After he is healed from his blindness, Paul immediately begins to do ministry in the same Damascus synagogue he intended to visit. His preaching “agitates” (συγχέω) the synagogues, a verb which has the sense of amazement and surprise. Sometimes Luke uses this verb to describe the confusion of a crowd about to riot (Acts 19:29, variant text, 21:27). What agitates the synagogues is Paul’s successful argument Jesus is the Christ. Paul teaches from Scripture and is empowered by the Holy Spirit in such a way that convinces people. This may not imply they believed, but it was hard to argue against Paul’s evidence.

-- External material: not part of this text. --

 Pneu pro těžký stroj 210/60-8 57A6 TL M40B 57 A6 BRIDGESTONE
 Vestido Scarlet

Where did Paul get this evidence? On the one hand, boldness in preaching is one of Luke’s evidences that an individual is yielded to the Holy Spirit. Like Peter before the Sanhedrin, Paul is filled with the Holy Spirit and boldly speaks the message of Jesus. A second source for his preaching is likely the preaching of Peter, or better, Stephen in the Synagogue.

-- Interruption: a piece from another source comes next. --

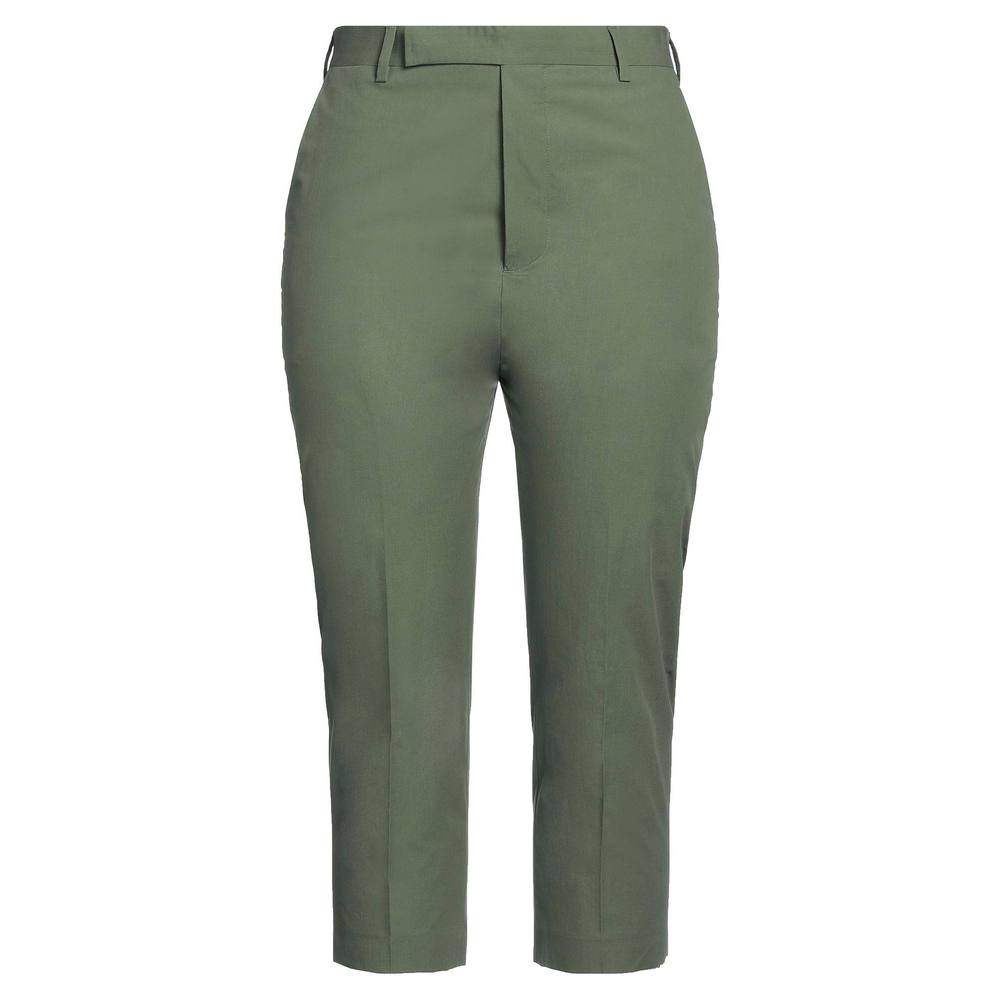 1h可退 香港直邮rick owens 瑞克 欧文斯 女士 休闲长裤,淘宝优惠券,粉丝福利购,淘宝优惠卷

Undoubtedly Paul has been arguing with Stephen and other Hellenists in the Synagogue for some time, Paul now accepts their arguments and begins to extend them to other scripture. A third source may be Paul’s own thinking about the Messiah and the Messianic age as a well-trained rabbi.

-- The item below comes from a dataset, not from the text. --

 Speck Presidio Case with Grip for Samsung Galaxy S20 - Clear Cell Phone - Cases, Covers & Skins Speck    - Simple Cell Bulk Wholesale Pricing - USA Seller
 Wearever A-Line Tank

As observed in the last few posts, Paul does not go from totally ignorant of God to a faithful follower of Jesus. He was already aware of messianic texts and methods of argument in rabbinic discussions as well as how to present scripture in a synagogue context. Paul took what he already knew to be the truth and ran it through the filter of the resurrected Jesus and preached that Gospel in the synagogues in Damascus.
Once again, Luke presents powerful preaching and excellent scholarship working together to convince people of the truth of the Gospel. Paul is extremely confrontational – he goes right to the people who likely wanted the Jesus Community to be silent and announces that he is one of them! This is a boldness which is a direct result of the encounter with Jesus and the filling of the Holy Spirit.
There other elements of a “boldness” theme in Acts and clearly Luke is presenting the ministers of the Gospel as unusually bold in their confrontation with authority. By way of application, should we use Paul’s boldness as a model for modern mission, and if so, what would that look like? Does this sort of “boldness” work in a pluralistic society like modern America?